It's well known that if X & Y are discrete random variables X & Y (r.v.s), and $Y=g(X)$, then

$$H(X,Y)=H(X)+H(Y\mid X)=H(X),$$

where the last equality is due to $H(Y\mid X)=0.$ It also has a very intuitive interpretation - since Y is a deterministic function of X, the entropy/uncertainty of (X,Y) is the same as that of X, i.e. having Y on top of X doesn't increases uncertainty.

However, it's not very clear to me if above equalities & interpretation still hold or how to modify them, when X & Y are continuous r.v.'s? In particular, how should $h(X,Y)$ and $h(Y|X)$ be defined in this case, $-\infty$?

Thanks a lot!

  • $\begingroup$ Why would you expect for them to be different in continuous case? $\endgroup$
    – Tim
    Sep 28, 2015 at 6:56
  • $\begingroup$ I'd like the first equality, $h(X,Y)=h(X)+h(Y\mid X)$, to hold, but I'm not certain about the 2nd one, $h(X)+h(Y\mid X)=h(X)$. $\endgroup$
    – syeh_106
    Sep 28, 2015 at 7:17
  • 2
    $\begingroup$ I can't manage to make a good answer so I'll just do a comment. Conventional entropy is infinite on continuous random variables. Differential entropy solves this by computing the relative difference in entropy between the pdf and a Gaussian of variance 1 (that's one interpretation at least). Your question is poking at the fact that differential entropy on a 1D space is not the same as differential entropy on a 2D space (because the reference Gaussian is not the same !). So $H_{2D} (X,Y)$ in your case would be infinite ($-\infty$ in fact), while $H_{1D}$ is finite $H_{1D}(X,Y)=H_{1D}(X)$ $\endgroup$ Sep 28, 2015 at 8:59
  • $\begingroup$ @Guillaume do you have a reference to that interpretation? $\endgroup$ May 17, 2017 at 10:49
  • $\begingroup$ What I wrote is poorly explained. Discrete Random Variable entropy is hard to extend to continuous variables: if you just try to build a sequence of discrete RV that asymptotes to a continuous RV, you find that the entropy diverges. However, if you try to compute the difference in the entropies of random variables 1 and 2 in this way, the two infinities cancel out and you end up with something finite: the differential entropy. I was wrong to claim that the reference Gaussian has variance 1: the Gaussian with diffentropy 0 actually has a more complicated variance. I don't have a ref sorry. $\endgroup$ May 19, 2017 at 9:26

1 Answer 1


It is important to notice here that differential entropy has a wildly different interpretation from the "standard" entropy of discrete variables. In particular, I would avoid putting any uncertainty-related interpretations on it.

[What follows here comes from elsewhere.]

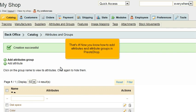That's it! Now you know how to add Attributes and Attribute Groups in PrestaShop.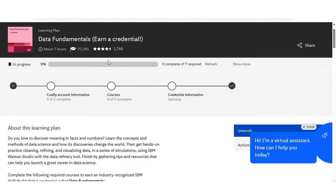If you have any question regarding this Data Fundamentals course, please comment on the video. We will definitely check your questions and provide you the answer. And please subscribe to InfoRotion. Thank you.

Now, on to your questions:

Do the above equalities & interpretation still hold when X & Y are continuous r.v.'s?

As @syeh_106 points out in the comments section, the equality $h(X,Y) = h(X) + h(Y|X)$ holds perfectly fine. The equality $h(X) + h(Y|X) = h(X)$, however, doesn't. Here's a quick proof by reductio ad absurdum that $h(Y|X) \neq 0$:

We know that $I(X, Y) \geq 0$. At the same time, $I(X, Y) = h(X) - h(X|Y)$. So, if $h(Y|X)$ were $0$, we would have $h(X) \geq 0$. We know this is not the case (e.g. if X is uniformly distributed in an interval of length $L$, then $h(X) < 0$ if $L < 1$), therefore in general $h(Y|X) \neq 0$.

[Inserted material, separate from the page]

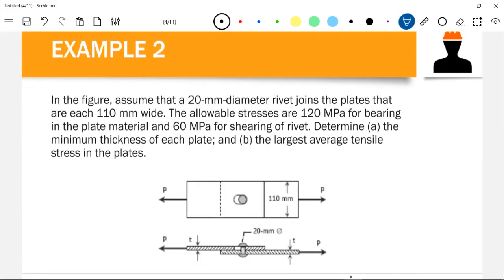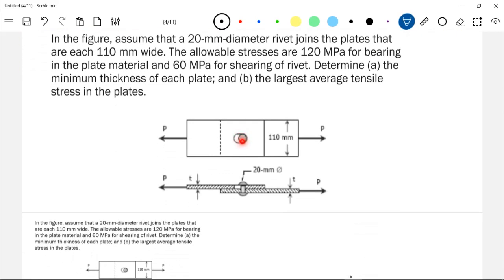Now Example 2. A 20 mm diameter rivet joins two plates that are each 110 mm wide. The allowable stresses are 120 MPa for bearing in the plate material and 60 MPa for shearing of the rivet. The first question asks us to compute the thickness of each plate and the largest average tensile stress in the plate. The rivet combines two plates, each 110 mm wide, and the rivet diameter is 20 mm.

How should $h(X,Y)$ and $h(Y|X)$ be defined in this case, $-\infty$?

Indeed $h(X,Y) = -\infty$, although to be honest I'm not entirely sure about $h(Y|X)$ -- I think it's also $-\infty$, but it could well be the case that it's just not defined.

In any case, the fact remains that your intuition that "since $Y$ is a deterministic function of $X$, the entropy/uncertainty of $(X,Y)$ is the same as that of $X$," while correct for discrete variables, just doesn't apply to continuous variables.